The DNA signature for Timothy is a little more involved. Based solely on his son's DNA signatures, Timothy's DNA signature would be {kl}{op}{pq}ql, where the values in braces are possible values for a given marker. The DNA signature for his father Thomas is the result of combining {kl}{op}{pq}ql and lpqrm. Note that if one son has {kl} ("k or l") for a marker, and the other son has a value l for that marker, then the father's likely value is l, the value that requires the least number of mutations. Thomas's DNA signature is therefore lpq{qr}{lm}. {qr} and {lm} remain uncertain because there is a tie: one son has ql and the other has rm.

After Thomas's signature is derived, Second Site reviews the DNA signatures for his descendants and at that point, the uncertainties in Timothy's DNA signature are resolved using values that minimize mutations. This is an extension of rule #2.

Second Site derives probable DNA signatures. It is possible for unlikely mutation sequences to occur, such as multiple mutations occurring in the same generation and thus obscuring the DNA signature of the father. All methods for deriving DNA signatures are subject to uncertainty, but the maximum parsimony method used by Second Site reduces the possiblity that a bias in the test population (many people tested from one branch of the family) unduly influences the derived DNA signature of the MRCA.
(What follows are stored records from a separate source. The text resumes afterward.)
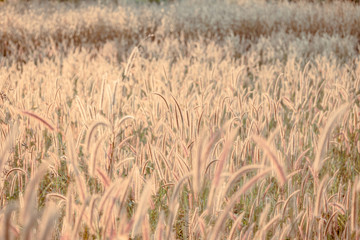 Mission grass flower or Pennisetum pedicellatum grass meadow sunset in the garden
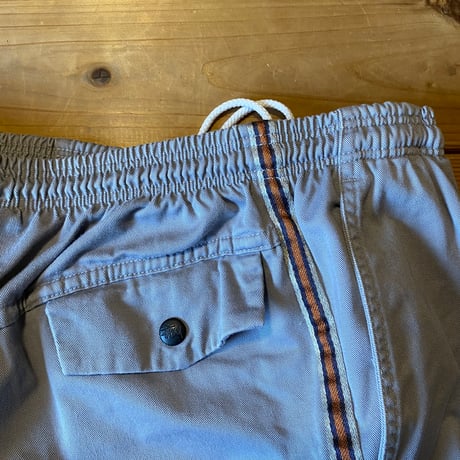stussy beach short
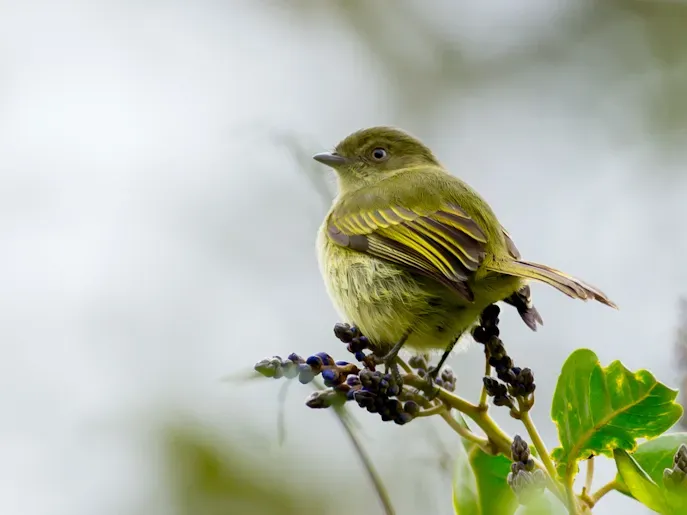 File:Zimmerius bolivianus-Bolivian Tyrannulet.jpg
Alphabetic or Numeric Maker Values

Second Site expects that marker values in TMG's DNA Log will be numeric. By default, Second Site will display those values using an alphabetic code where a=1, b=2, ... z=26, A=27, B=28, etc. The alphabetic code is much more concise and lends itself well to both display and analysis. For users who want to use the more traditional—and more lengthy—numeric values, the DNA Overlay Chart includes a Marker Format property that can be set to "Numeric". See the "Left to Right, UnOptimized" Chart for an example of the numeric format.

Test Result Conversion

Note that two descendants had Family Tree DNA 67-marker test results, and one had a Family Tree DNA 37-marker test result. The chart was configured to favor the 37-marker test, and so Second Site converted the 67-marker tests to 37-marker tests.

Second Site has logic for converting test results from one test to another, and includes logic for adjusting values based on differences between test lab practices. In some cases, the user may find it necessary to create a test result of the desired type and manually compute the marker values.


Notes and Acknowledgements

Alvy Ray Smith and Robert Charles Anderson were instrumental in the design of the DNA Overlay Chart.

  1. Robert Charles Anderson first described to me the basic form of a chart where DNA evidence was overlaid on a descendant-type chart.
  2. Alvy Ray Smith described the DNA signature derivation algorithm in his article "The Probable Genetic Signature of Thomas1 Riggs, Immigrant to Gloucester, Massachusetts, by 1658", The New England Historical and Genealogical Register, volume 164, April, 2010. Mr. Smith described the two rules (described above) that Second Site adopted to push marker values up the tree from descendants to ancestors, including using maximum parsimony to choose a marker value when there are multiple candidate values.

    Second Site has also implemented two other practices recommended by Mr. Smith: (A) using alphabetic codes for marker values and (B) using "{" and "}" to indicate markers with multiple possible values.